Should Nurses be Considered 'Good Samaritans'?
Published: 18 January 2017
Published: 18 January 2017
It is safe to assume most healthcare professionals will encounter a situation outside of work in which the provision of medical assistance is necessary.
The decision to help is not a legal requirement, yet the sense of responsibility to provide skill and expertise is almost second nature.
If our knowledge continues to benefit others outside the workplace, shouldn’t we be inclined to use it? Because it is not an obligation, it is down to morals and anxieties in judging how a person may react.
If lacking in confidence or skill, they may be less likely to respond. The fear of repercussions could also deter aid. When confronted by a critical injury where the outcome is likely to be poor, although it is not the fault of the tending practitioner, it may be challenging to avoid feeling partially responsible.
Despite these apprehensions, I have always felt compelled to help. Recently, I found myself confronted by this very situation.
As I stood on the platform in my usual morning haze waiting for the train to arrive, I was quickly snapped out of my daydream by an announcement over the loudspeaker:
“If there are any qualified doctors or nurses at the station, please could they make themselves known to a member of staff. There is an unwell passenger on a train approaching the station.”
It was the announcement I have always dreaded.
I recalled the last time it had occurred, when I was in my second year of nursing school and on a transatlantic flight. At the time, I had minimal confidence and experience so I had not risen to assist—a registered practitioner was also on the flight. This time, it was my turn.
The passenger was slumped on the floor of the train, slowly regaining consciousness. With the assistance of the train staff, he was escorted to a bench on the platform.
I began with simple questions: can you tell me your name, do you know where you are, can you tell me what happened before you fainted, did you eat breakfast, do you have any past medical history, are you on any medication?
He had a history of hypertension and was routinely monitored by his doctor. Upon returning home from work the night before, he felt symptomatic and had administered an antihypertensive. He complained that his headache was still present. At this point in the assessment, a junior doctor stepped in. I relayed the acquired information and we concluded that he needed to attend the emergency department. An ambulance was called and I waited with the passenger until it arrived.
That very same day, in the afternoon, I went to the supermarket. While trawling through the aisles, I honed in on a shop-wide announcement. Could a first-aider please go to the cashiers desk.
Again, I felt myself drawn to the scene. What if the emergency was beyond the capability of a first-aider? If I neglected to go, I knew I would not be able to live with myself.
At the till, was a woman who appeared to be very tired and unable to stand. I informed the staff that I was a qualified nurse and requested some information about what was happening. The woman turned to me and said I’m having a seizure.
I began to probe further with questions. Can you tell me what type of seizures you have, have you taken your medication, is this the first one of the day?

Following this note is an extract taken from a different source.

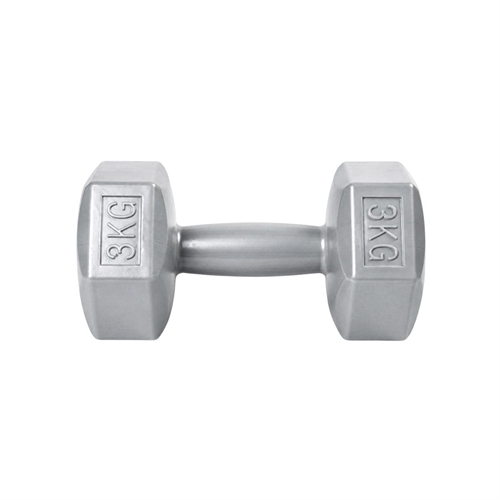 ASG Dumbbell 3 kg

This had been the second seizure of the day and she was feeling very fatigued. For quite a few years, she had been suffering from focal seizures exacerbated during times of stress. I advised that she should attend the emergency department for her own safety and explained that they may need to review the dosage of her anti-epileptic.
The gratitude received from both people, although pleasant, left me feeling slightly awkward.
Outside the hospital, medical assistance is viewed as an act of kindness. However, I could not help but feel it should not elicit that response.
In recalling memorable shifts, I found the times in which I had experienced the greatest job satisfaction were when I could help patients the most. In each of those out-of-work scenarios, I experienced the same sentiments. If I could assist in any way, why wouldn’t I?
In speaking to colleagues and friends in a medical profession, these same inclinations appear to resonate throughout.
The possession of a strong sense of identity is a common trait in nursing. Our inability to disconnect our intrinsic drive contributes to the desire to help even outside the workplace.
A few of my friends have shared similar (and more critical) stories-one performed CPR in a restaurant, another in the street. Both of those people survived. If they had not been tended to, those outcomes could have been less favourable.
In my first year of qualifying, my friend and I tended to a young girl at a festival who had her drink spiked. Last year, at a train station, another friend and I assisted a girl having an epileptic seizure. These encounters are unpredictable yet we are seemingly prepared.
This leads me to wonder exactly what fosters our responses. Is it something we have trained ourselves to do, in caring for strangers? Or is it human nature?
The desire to aid and care provided my initial incentive for pursuing a career in nursing. From meeting many nurses throughout the past six years, it is clear to see they share similar sentiments. In possessing them, it also becomes more difficult to disconnect–whether it’s providing family members with advice or helping a stranger.
Despite constant reminders to leave work at work, we cannot disengage this intrinsic response. Our ability to help others is a skill that defines us, even beyond professional identity. It is our composition and what yields compassion.
As highlighted by gratitude for our help—it is so unique and valued that we should be embracing our capability to share it with others.